*** Opening of Exercise material ***

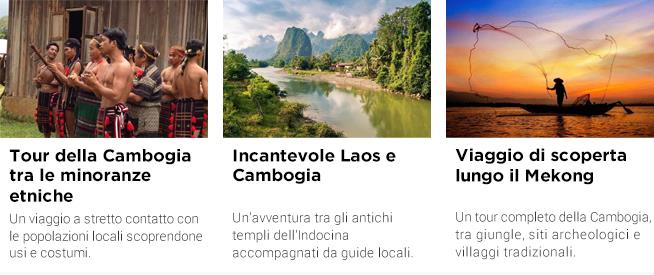 Offerte di viaggio per la Cambogia Tour e offerte per la Cambogia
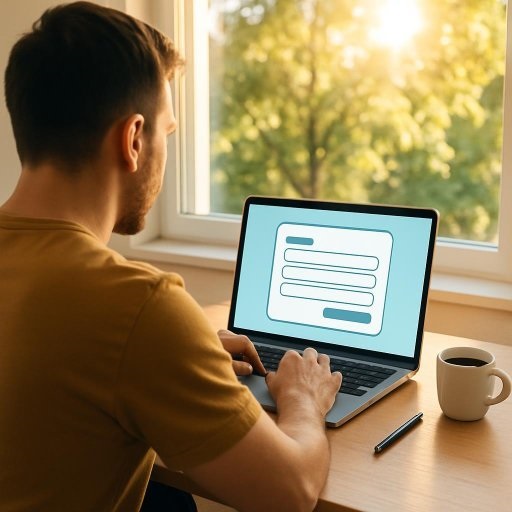 При авторизации в сервисе «Обратиться в ФНС России» через госуслуги не надо вручную заполнять ряд полей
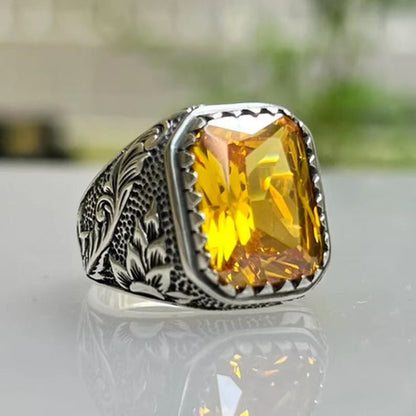 Vintage Handmade Silver Ring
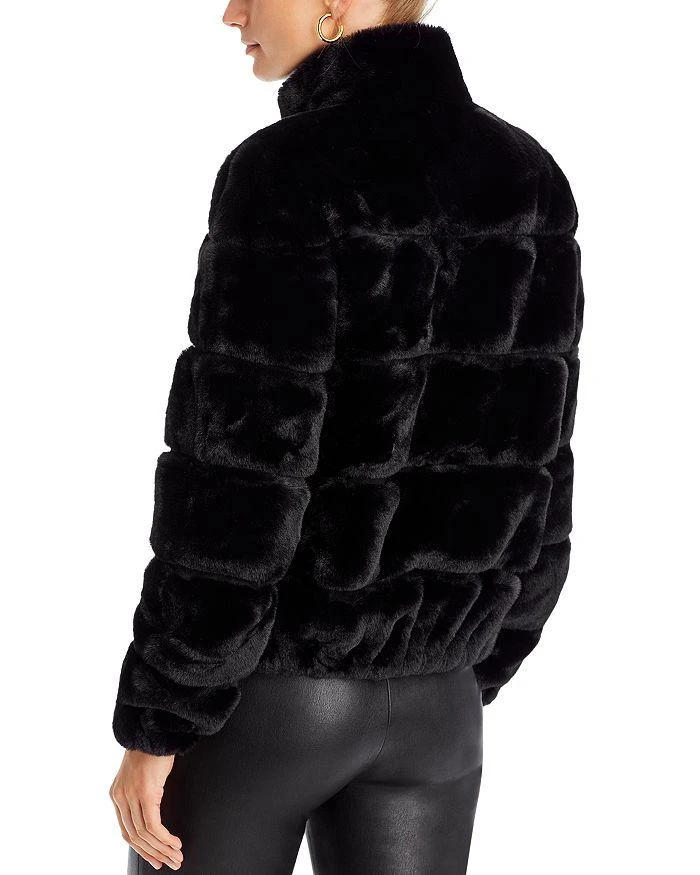 Love Token Faux Fur Zip Jacket 2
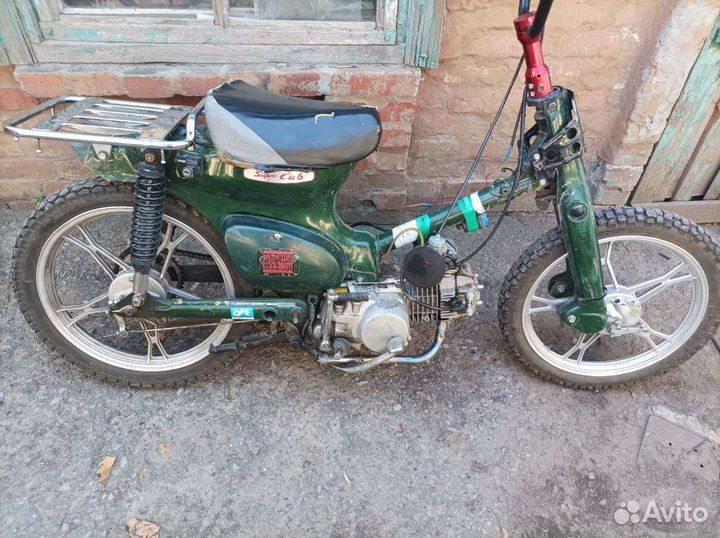 Honda super cub тюнинг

*** Close of Exercise material ***

**Aim of the exercise**:
Word for word, repeat only the lines from the line containing "При авторизации в" through the end of the data, without any pictures.

**Task result**:
 При авторизации в сервисе «Обратиться в ФНС России» через госуслуги не надо вручную заполнять ряд полей
 Vintage Handmade Silver Ring
 Love Token Faux Fur Zip Jacket 2
 Honda super cub тюнинг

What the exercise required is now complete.